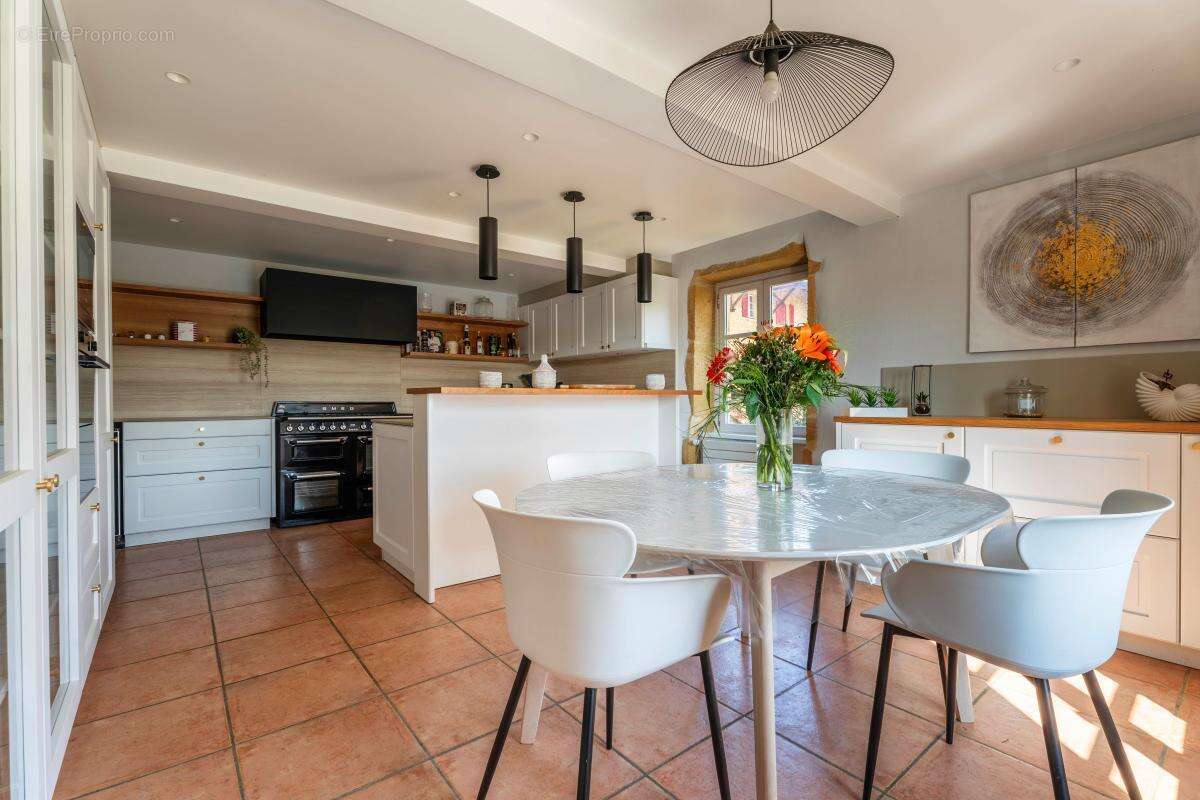 Maison à SAINT-GERMAIN-SUR-L&#039;ARBRESLE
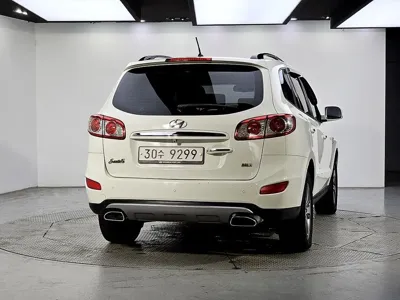 Hyundai Santafe 2012, 185398 км, за 2073.72 USD
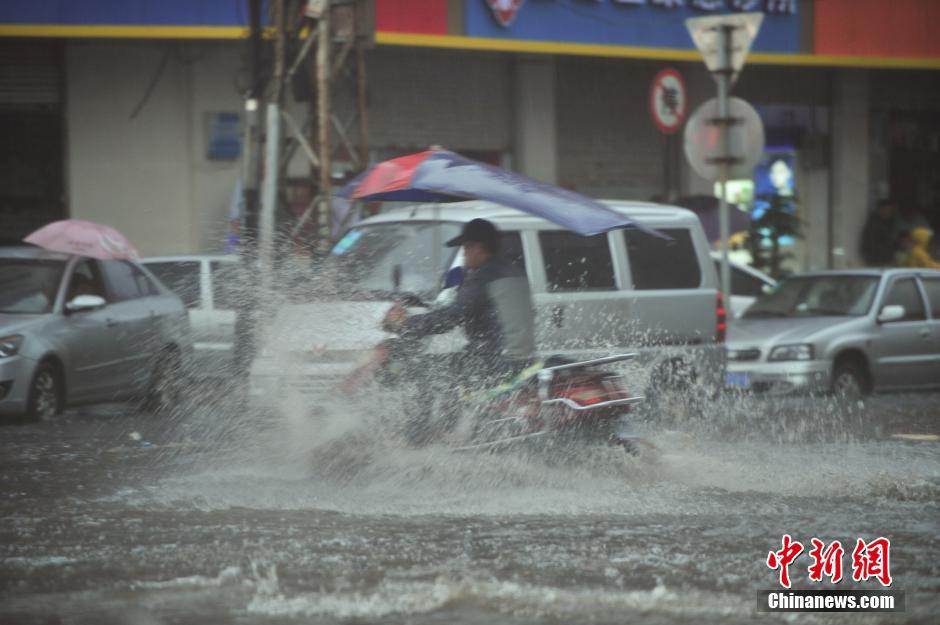 昆明突降暴雨 再启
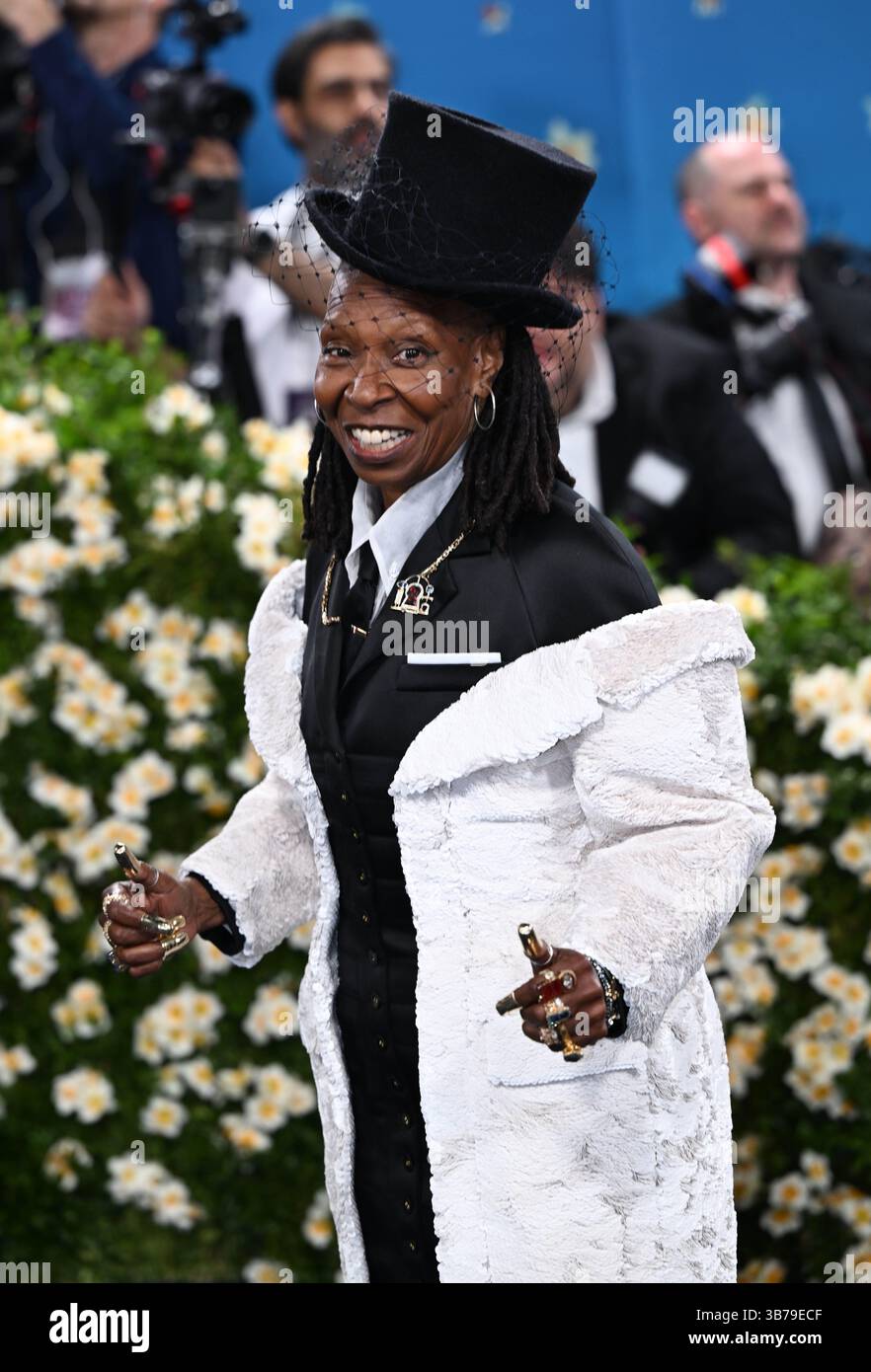 Whoopi Goldberg attending the Metropolitan Museum of Art Costume ...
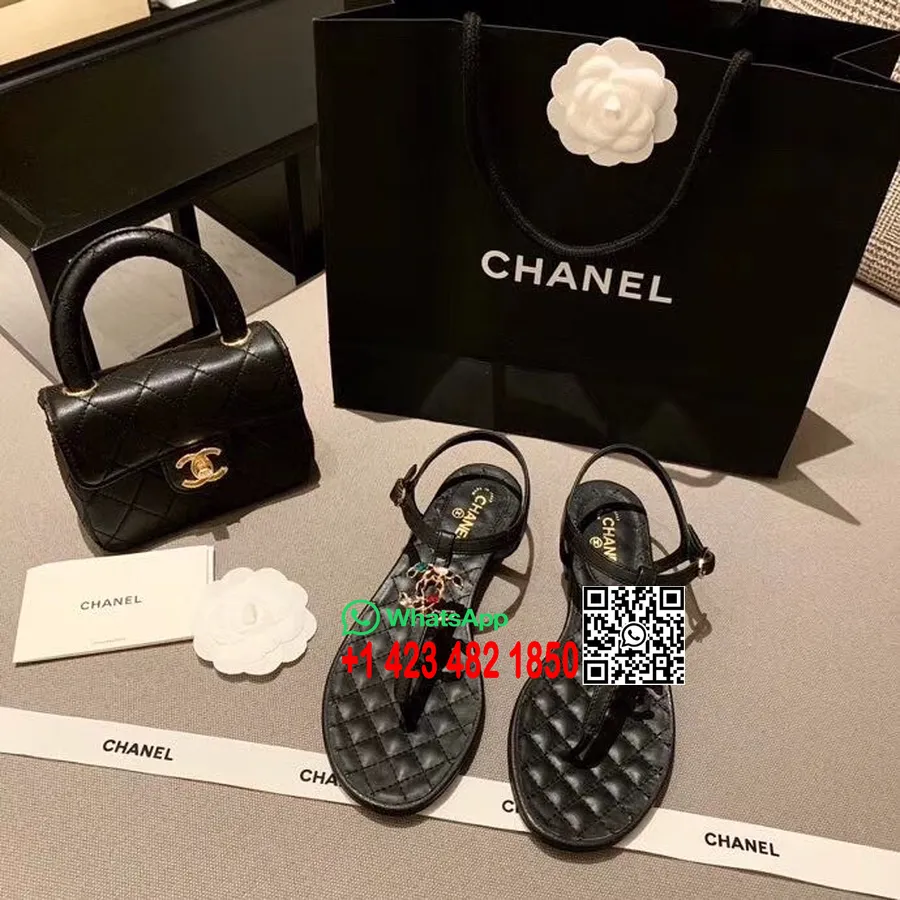 Chanel Jeweled Cc Logo Thong Sandaler Kalveskinn Vår/sommer 2020 Akt 1 Kolleksjon, Svart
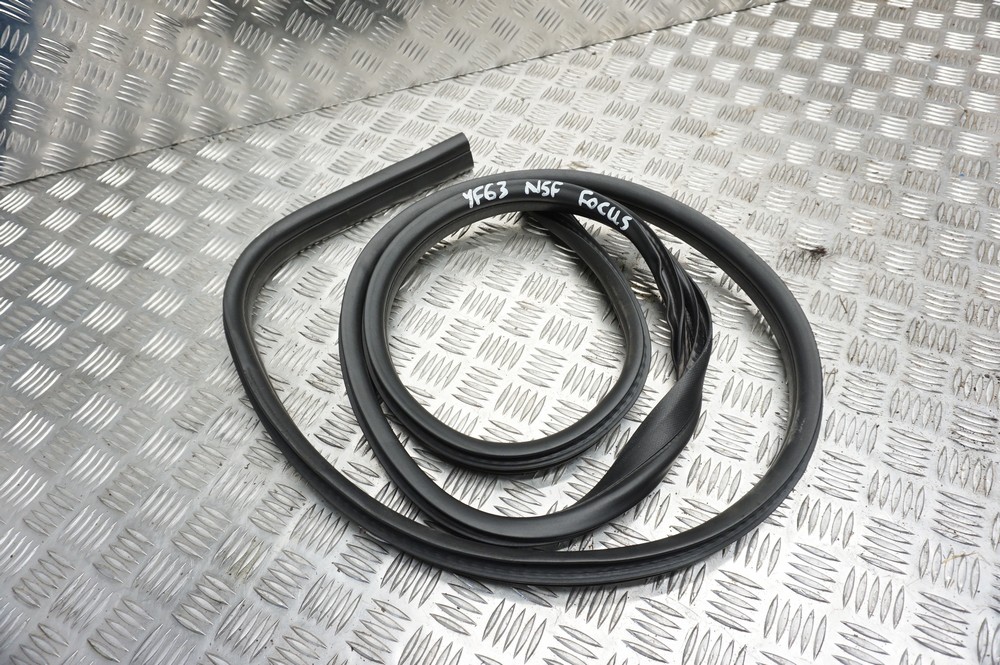 FORD FOCUS MK3 NSF DOOR RUBBER SEAL (ON BODY) 20112015 YF63 Gala Motors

Assigned task: Nothing but the pictures should be left out when the material above is copied.

Result of the exercise:
 Maison à SAINT-GERMAIN-SUR-L&#039;ARBRESLE
 Hyundai Santafe 2012, 185398 км, за 2073.72 USD
 昆明突降暴雨 再启
 Whoopi Goldberg attending the Metropolitan Museum of Art Costume ...
 Chanel Jeweled Cc Logo Thong Sandaler Kalveskinn Vår/sommer 2020 Akt 1 Kolleksjon, Svart
 FORD FOCUS MK3 NSF DOOR RUBBER SEAL (ON BODY) 20112015 YF63 Gala Motors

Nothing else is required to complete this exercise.